He pedido volver a verlo. Y no sé si sucederá. He vuelto allí donde pasé mi infancia. Y espero. Es por la
mañana temprano. Sobre la arena, que tiene aún el sabor de la noche, ligeras huellas de gaviotas. Han
venido a escuchar el mar antes que yo. Y ahora se han ido. Miro a lo lejos y reconozco todo aquello que
me hizo compañía durante tantos años. En la playa no hay nadie. En aquella larga playa de hace tanto
tiempo. Y de ahora. El mar silencioso está tranquilo, parece casi un animal. Permanece inmóvil, listo
para atacar. Su respiración lenta se interrumpe de vez en cuando como el suave ronquido de un hombre
borracho que, tras haber comido mucho, se ha quedado dormido. Bajo los tres peldaños. La arena aún
está fría. Doy unos pasos. Borro algunas huellas, patitas en forma de «v» con una «i» en el centro. Al
cabo de un instante, pasan al olvido, borradas. Una fila ordenada de sombrillas aún cerradas. Allí abajo,
a lo lejos, un bañero está abriendo algunas. Más lejos aún, el quiosco.
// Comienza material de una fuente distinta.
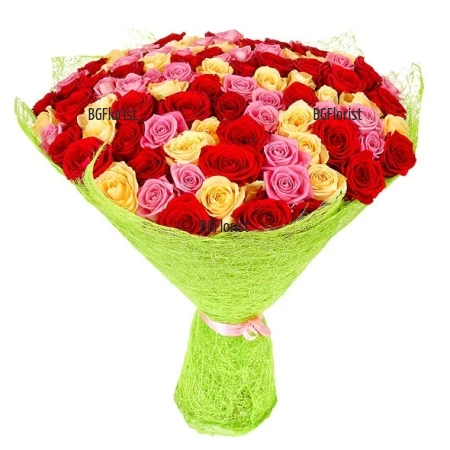 Доставка на букет от 101 разноцветни рози с куриер на адрес
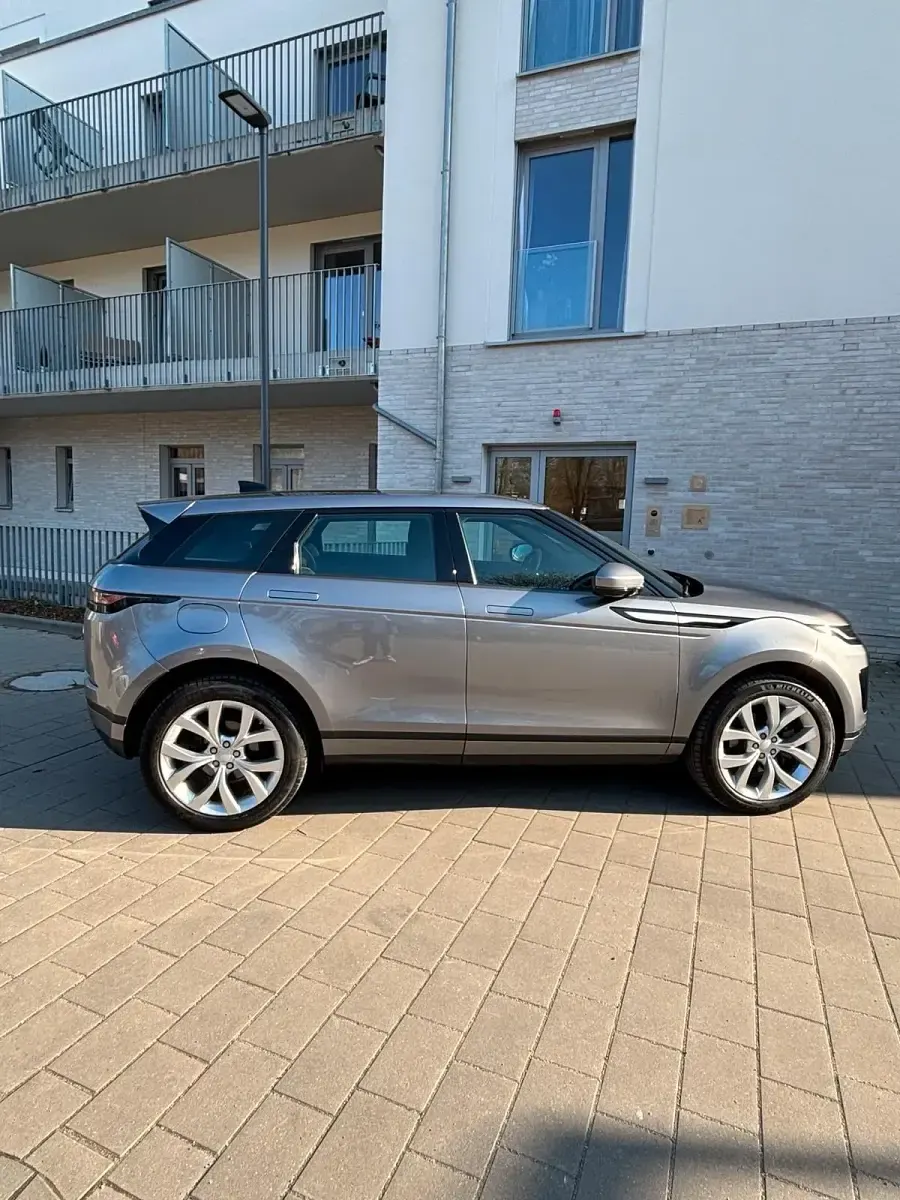 Gebraucht Land Rover Range Rover evoque 150 PS (110 kW) 2019 Grau SUV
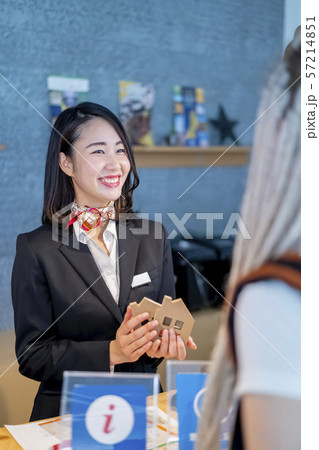 外国人向け不動産で訪日外国人旅行者インバウンドに日本全国の賃貸物件を紹介をする女性 57214851
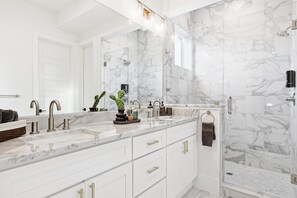Shower, towels, shampoo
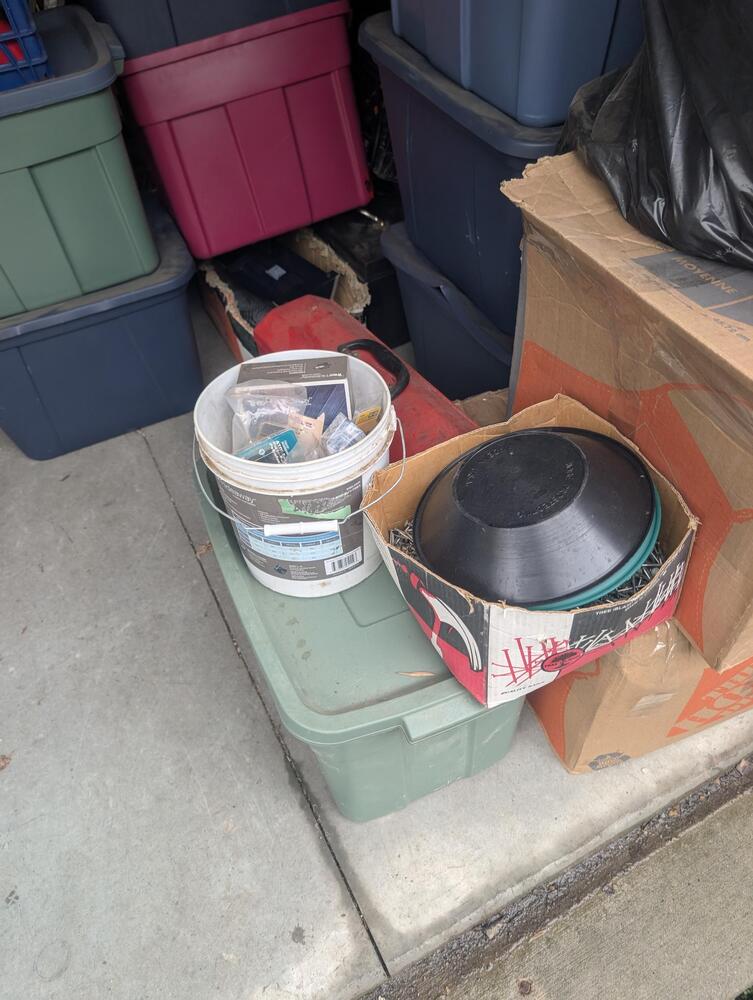 2552 - StorageMart Winterburn RD and 115 Ave  auction IB-4691 30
Las duchas están cerradas. El mar
está en calma. Son las ocho y media. En la playa no hay nadie, a excepción del bañero. Continúa su
trabajo tranquilo. Uno tras otro, retira plásticos azules y abre las sombrillas. Sus músculos se perfilan de
vez en cuando con un movimiento imprevisto. Y, en esos momentos, resplandecen sanos, reflejando la luz
de la mañana aún fresca, serena, silenciosa, de un día que está a punto de comenzar, que traerá consigo
curiosidad y encuentros. Tal vez. O nada. Sólo el rumor de las olas. Pero más tarde, porque ahora el mar
todavía duerme. Barcas lejanas. Alguna vela abierta se destaca, roja de su color, al filo de aquel
horizonte decidido. Mar. Mar de amar.